I'm looking at modifying the orch to be self healing, say from exception catch block it reinitialize the messages based on conditions that tell, the issue was intermittent. Something like app issue-null reference, we would not want to resend message, because, the orch is never going to work.
There is a concept called compensation, but that is for transaction based orch- do n steps if any 1 fails, do m other steps(which would do alternate action or cleanup).
The only idea I have is do a look-up based on keywords in exception and decide to resend messages. But I want some1 to challenge this or suggest a better approach
Upvotes: 2
Views: 138
Reputation: 31780
I have always thought that it's better to handle failures offline.

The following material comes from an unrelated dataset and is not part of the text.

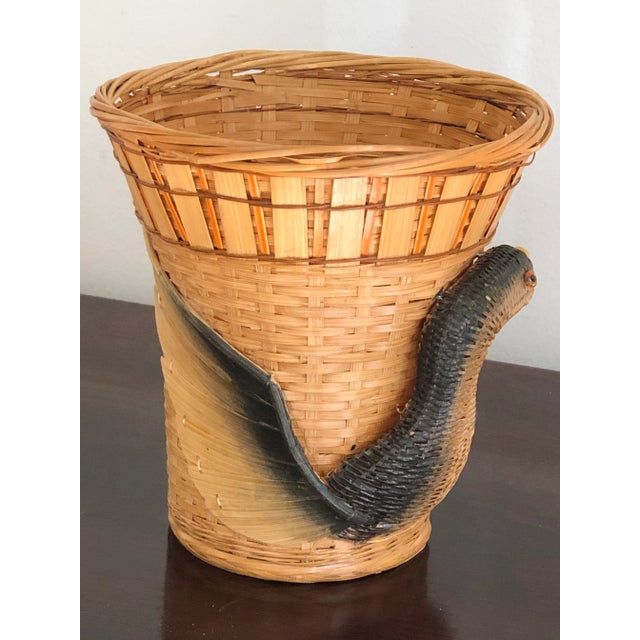 Chinoiserie Vintage Chinese Black Swan Planter Basket For Sale - Image 3 of 13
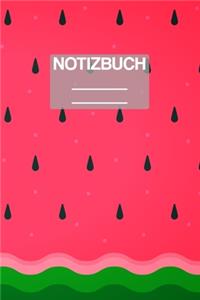 Notizbuch A5 Muster Wassermelone Kerne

So if the orchestration fails, terminate it. But before you terminate, send a message out. This message will contain all the information necessary to recover the message processing if it turns out that there was a temporary problem which caused the failure. The message can be consumed by a "caretaker" process which is responsible for recovery.
This is similar to how the Erlang OTP framework approaches high availability. Processes fail quickly and caretaker processes make sure recovery happens.
Upvotes: 1